> **Exercise requirements**:
Return only the lines from the start of the records through the line that contains "The Covent Garden", inclusive; leave out all pictures.

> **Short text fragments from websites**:

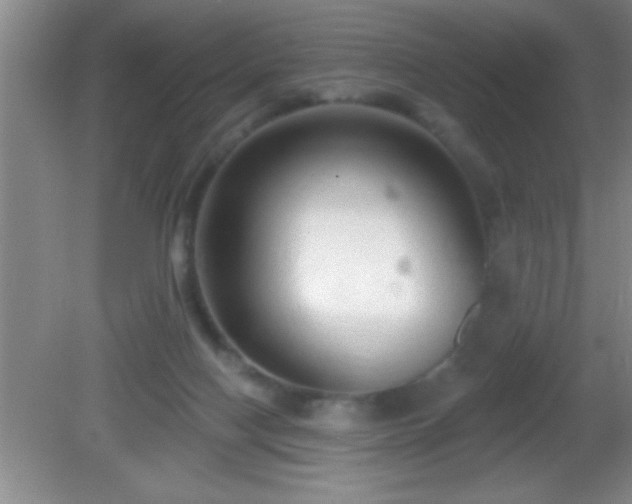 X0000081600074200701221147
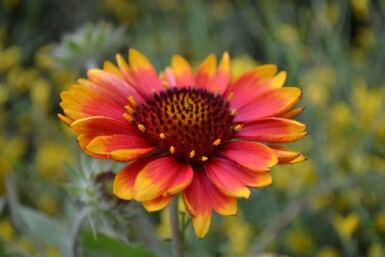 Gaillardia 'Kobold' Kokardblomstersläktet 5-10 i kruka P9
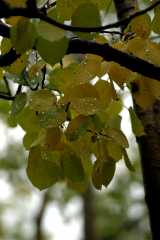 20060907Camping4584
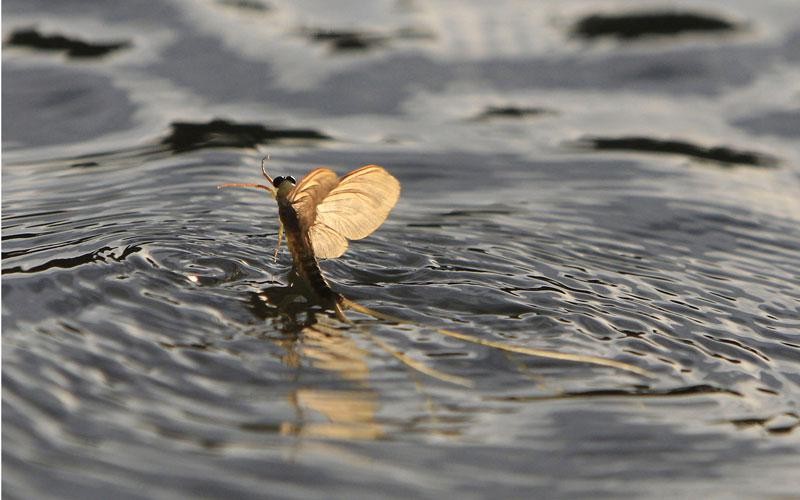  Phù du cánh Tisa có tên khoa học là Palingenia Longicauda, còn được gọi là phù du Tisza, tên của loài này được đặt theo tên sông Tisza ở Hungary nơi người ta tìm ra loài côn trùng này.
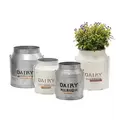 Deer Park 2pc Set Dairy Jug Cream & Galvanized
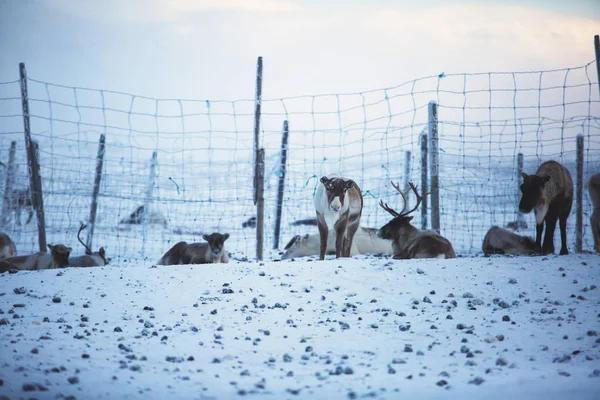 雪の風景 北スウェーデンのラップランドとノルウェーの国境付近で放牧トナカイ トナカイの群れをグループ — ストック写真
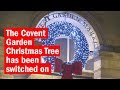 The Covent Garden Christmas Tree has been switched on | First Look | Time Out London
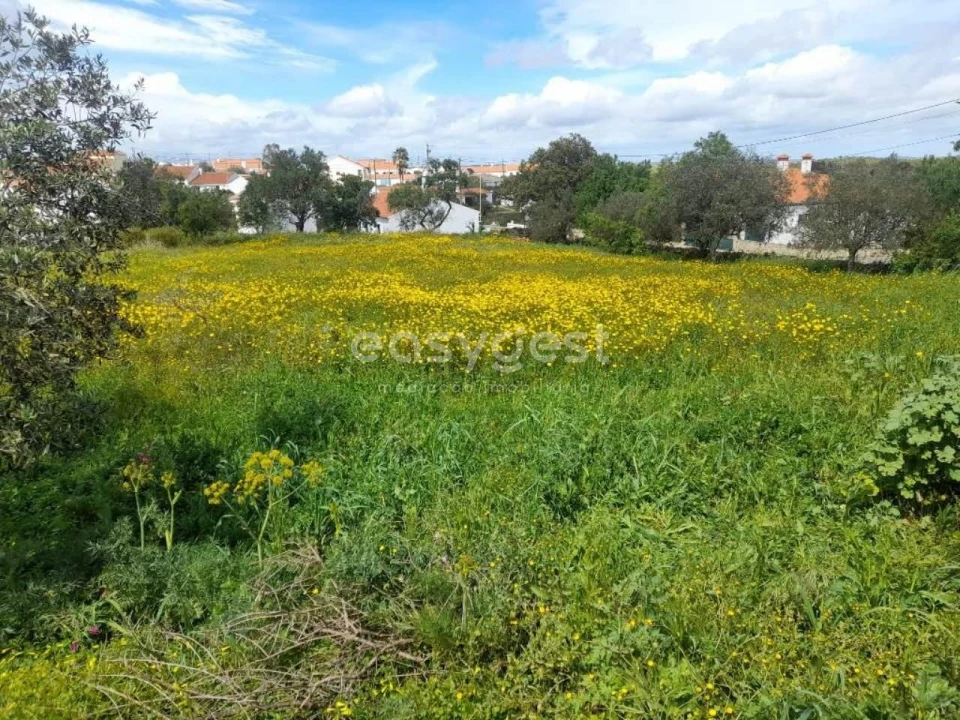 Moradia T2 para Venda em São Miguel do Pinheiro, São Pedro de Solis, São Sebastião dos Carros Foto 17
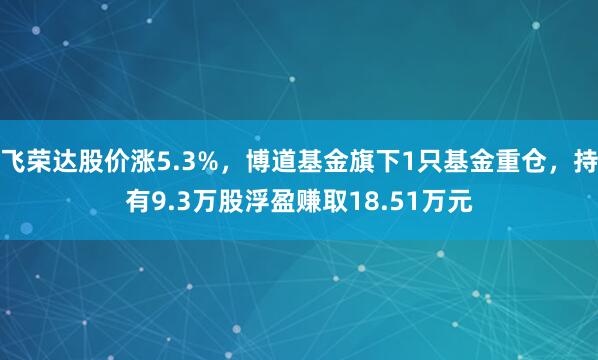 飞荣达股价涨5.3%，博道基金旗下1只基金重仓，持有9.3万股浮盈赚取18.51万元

> **Response to this exercise**:
 X0000081600074200701221147
 Gaillardia 'Kobold' Kokardblomstersläktet 5-10 i kruka P9
 20060907Camping4584
  Phù du cánh Tisa có tên khoa học là Palingenia Longicauda, còn được gọi là phù du Tisza, tên của loài này được đặt theo tên sông Tisza ở Hungary nơi người ta tìm ra loài côn trùng này.
 Deer Park 2pc Set Dairy Jug Cream & Galvanized
 雪の風景 北スウェーデンのラップランドとノルウェーの国境付近で放牧トナカイ トナカイの群れをグループ — ストック写真
 The Covent Garden Christmas Tree has been switched on | First Look | Time Out London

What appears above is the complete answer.